Perf / clock, the Cortex-X3 exceeds Golden Cove & Zen4, so it's probably clocked a good lower than SPR & Genoa → saving power. Notably, the Cortex-X3 below is 1MB L2, but Neoverse V2 is upgraded to 2MB L2.

GB61 1T pts per GHz
Arm Cortex-X3: ~559 (S23U)
Intel Golden Cove: ~485 (i9-12900KS)
AMD Zen4: ~510 (7950X)

As NUVIA shared, per-core, datacenter CPUs are at basically smartphone power usage. At 2.8 GHz, one whole Arm Neoverse V2 core + L2 cache uses 1.4W:
Arm-Neoverse-V2-HC35_Page_13-scaled.jpg


Arm discussed more on V2 at Hotchips last week.

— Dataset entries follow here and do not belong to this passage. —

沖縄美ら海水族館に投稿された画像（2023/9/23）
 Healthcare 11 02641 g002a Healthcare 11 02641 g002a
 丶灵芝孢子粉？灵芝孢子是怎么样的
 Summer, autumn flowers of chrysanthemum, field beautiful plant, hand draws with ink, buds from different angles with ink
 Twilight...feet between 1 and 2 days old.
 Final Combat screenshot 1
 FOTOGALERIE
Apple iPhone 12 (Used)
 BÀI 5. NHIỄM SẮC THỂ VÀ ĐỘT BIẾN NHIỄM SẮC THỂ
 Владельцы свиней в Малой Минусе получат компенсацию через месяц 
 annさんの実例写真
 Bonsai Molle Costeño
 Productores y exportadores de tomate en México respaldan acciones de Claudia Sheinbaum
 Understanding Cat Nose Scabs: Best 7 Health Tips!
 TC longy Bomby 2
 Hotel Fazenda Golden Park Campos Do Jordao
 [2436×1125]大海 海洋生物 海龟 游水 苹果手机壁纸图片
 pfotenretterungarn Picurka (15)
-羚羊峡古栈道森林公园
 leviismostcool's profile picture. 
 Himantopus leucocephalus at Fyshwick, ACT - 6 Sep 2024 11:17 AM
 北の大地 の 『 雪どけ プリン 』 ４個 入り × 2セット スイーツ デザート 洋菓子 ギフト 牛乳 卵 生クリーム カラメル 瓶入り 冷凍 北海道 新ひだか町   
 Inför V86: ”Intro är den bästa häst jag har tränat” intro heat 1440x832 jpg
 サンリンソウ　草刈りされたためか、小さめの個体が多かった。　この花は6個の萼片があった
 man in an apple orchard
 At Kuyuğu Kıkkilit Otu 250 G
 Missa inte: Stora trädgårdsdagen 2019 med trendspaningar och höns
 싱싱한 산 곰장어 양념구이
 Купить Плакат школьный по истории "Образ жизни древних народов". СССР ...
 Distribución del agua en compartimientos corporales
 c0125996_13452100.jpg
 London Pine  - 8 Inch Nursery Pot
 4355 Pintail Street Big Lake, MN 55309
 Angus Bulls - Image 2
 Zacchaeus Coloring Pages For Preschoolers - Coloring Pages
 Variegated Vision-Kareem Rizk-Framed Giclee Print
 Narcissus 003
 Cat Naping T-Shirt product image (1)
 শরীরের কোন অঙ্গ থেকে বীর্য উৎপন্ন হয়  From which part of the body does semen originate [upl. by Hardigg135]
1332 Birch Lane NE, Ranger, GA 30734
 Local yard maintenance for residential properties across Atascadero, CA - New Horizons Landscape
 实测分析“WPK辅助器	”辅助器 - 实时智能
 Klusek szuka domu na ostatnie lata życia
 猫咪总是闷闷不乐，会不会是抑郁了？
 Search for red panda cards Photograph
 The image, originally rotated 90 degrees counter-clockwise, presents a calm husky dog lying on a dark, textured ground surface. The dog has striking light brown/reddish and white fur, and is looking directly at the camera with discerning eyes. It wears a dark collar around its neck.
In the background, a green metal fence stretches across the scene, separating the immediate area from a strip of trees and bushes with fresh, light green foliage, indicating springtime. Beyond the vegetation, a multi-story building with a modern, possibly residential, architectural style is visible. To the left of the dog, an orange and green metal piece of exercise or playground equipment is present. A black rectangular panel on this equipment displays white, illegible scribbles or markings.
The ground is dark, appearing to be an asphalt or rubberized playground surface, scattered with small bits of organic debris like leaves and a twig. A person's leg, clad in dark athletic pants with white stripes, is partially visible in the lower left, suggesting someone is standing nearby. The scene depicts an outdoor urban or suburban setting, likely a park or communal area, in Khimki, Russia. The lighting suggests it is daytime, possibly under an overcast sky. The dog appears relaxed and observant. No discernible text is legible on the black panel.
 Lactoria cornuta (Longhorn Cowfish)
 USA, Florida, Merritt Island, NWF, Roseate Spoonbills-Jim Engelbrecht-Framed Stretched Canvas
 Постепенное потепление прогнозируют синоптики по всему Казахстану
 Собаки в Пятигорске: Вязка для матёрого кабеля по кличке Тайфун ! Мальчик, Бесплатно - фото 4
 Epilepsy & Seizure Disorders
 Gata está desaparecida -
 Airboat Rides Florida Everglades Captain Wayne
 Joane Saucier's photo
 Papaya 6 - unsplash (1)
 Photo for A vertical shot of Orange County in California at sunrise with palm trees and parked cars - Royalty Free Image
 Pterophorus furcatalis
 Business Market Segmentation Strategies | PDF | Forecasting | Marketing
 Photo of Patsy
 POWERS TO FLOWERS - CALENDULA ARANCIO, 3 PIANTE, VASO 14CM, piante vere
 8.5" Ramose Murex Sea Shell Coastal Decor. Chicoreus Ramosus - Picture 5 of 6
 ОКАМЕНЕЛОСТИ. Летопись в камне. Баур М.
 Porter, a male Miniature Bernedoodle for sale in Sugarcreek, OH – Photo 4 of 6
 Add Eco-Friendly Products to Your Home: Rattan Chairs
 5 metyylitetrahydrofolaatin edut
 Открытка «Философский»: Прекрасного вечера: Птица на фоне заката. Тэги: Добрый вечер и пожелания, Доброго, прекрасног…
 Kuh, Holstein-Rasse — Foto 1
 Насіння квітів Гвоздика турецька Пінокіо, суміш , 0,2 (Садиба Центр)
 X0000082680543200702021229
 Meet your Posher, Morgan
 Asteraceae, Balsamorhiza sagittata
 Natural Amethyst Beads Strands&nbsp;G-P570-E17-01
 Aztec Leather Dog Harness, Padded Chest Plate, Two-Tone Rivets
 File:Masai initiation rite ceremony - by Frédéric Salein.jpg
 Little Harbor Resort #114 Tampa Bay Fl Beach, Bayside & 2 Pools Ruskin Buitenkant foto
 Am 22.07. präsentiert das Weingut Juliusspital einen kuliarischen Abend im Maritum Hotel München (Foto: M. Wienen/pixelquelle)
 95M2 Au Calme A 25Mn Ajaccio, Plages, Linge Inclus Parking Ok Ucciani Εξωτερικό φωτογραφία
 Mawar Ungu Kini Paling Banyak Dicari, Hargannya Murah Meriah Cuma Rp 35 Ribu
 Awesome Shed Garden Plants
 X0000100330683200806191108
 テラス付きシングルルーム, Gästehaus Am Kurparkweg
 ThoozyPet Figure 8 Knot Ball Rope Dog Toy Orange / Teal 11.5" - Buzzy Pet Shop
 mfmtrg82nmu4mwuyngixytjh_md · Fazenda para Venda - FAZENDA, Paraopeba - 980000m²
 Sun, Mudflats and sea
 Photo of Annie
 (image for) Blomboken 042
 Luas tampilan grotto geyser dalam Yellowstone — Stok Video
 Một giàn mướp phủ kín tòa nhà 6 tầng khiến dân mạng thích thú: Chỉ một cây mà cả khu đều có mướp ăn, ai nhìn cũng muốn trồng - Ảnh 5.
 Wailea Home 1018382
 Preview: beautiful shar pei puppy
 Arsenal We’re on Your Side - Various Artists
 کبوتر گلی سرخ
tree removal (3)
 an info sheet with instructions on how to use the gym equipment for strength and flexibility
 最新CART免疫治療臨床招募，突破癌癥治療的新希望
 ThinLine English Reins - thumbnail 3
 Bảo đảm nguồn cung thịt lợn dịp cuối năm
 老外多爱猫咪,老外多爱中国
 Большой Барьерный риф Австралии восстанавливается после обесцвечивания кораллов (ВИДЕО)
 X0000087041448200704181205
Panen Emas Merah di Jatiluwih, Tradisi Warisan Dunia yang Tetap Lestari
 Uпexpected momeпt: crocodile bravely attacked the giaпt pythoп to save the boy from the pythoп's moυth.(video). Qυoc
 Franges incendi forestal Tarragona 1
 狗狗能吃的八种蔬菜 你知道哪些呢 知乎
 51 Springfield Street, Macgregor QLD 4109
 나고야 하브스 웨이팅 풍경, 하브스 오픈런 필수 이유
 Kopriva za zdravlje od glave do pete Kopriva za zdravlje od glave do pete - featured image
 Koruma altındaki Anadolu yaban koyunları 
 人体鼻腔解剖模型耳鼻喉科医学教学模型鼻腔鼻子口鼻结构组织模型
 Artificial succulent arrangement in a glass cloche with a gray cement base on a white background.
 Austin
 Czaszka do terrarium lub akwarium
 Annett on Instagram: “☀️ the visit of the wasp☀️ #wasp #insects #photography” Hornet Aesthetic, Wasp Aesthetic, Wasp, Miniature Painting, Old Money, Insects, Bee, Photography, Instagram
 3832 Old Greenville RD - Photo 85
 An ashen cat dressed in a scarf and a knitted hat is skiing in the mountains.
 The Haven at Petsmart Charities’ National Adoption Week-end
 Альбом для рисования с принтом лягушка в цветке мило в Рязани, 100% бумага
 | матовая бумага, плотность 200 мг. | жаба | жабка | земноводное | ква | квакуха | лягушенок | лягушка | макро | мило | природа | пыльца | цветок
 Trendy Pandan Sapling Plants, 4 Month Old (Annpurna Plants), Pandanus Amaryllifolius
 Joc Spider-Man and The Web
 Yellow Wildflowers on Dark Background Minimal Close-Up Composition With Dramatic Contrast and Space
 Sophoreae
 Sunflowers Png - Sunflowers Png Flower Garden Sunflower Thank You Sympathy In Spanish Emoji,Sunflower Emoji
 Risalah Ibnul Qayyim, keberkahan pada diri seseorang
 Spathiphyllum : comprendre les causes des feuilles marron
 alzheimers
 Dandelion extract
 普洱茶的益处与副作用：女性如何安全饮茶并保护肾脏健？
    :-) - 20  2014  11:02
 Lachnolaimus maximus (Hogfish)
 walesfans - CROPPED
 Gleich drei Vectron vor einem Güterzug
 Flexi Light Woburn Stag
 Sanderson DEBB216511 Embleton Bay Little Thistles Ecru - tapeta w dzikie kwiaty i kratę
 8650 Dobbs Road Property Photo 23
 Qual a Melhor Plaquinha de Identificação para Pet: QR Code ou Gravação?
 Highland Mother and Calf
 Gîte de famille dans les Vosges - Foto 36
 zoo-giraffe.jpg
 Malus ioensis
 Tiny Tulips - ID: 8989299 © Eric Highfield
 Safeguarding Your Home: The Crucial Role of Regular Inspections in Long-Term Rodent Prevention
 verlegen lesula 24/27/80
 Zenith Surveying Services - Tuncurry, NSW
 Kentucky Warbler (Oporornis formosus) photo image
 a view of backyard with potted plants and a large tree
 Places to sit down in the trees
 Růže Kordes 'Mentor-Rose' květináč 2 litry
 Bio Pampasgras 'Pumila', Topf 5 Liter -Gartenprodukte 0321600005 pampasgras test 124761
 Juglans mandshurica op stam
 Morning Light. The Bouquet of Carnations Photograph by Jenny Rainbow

Will wait for actual benchmarks, though, before passing judgement for / against the V2.

EDIT: V2, not N2, eghad. Thank you, @bit_user
 
Last edited:
  • Like
Reactions: bit_user
For what it's worth, the Arm Neoverse N2 is based on the Cortex-X3, which is actually the newest Arm P-core uArch.
Typo: your link says V2, but you wrote N2. The N-series are mid-sized cores and based on the Cortex-A7xx series mobile cores. The V-series are the big cores, and based on the Cortex-X series mobile cores.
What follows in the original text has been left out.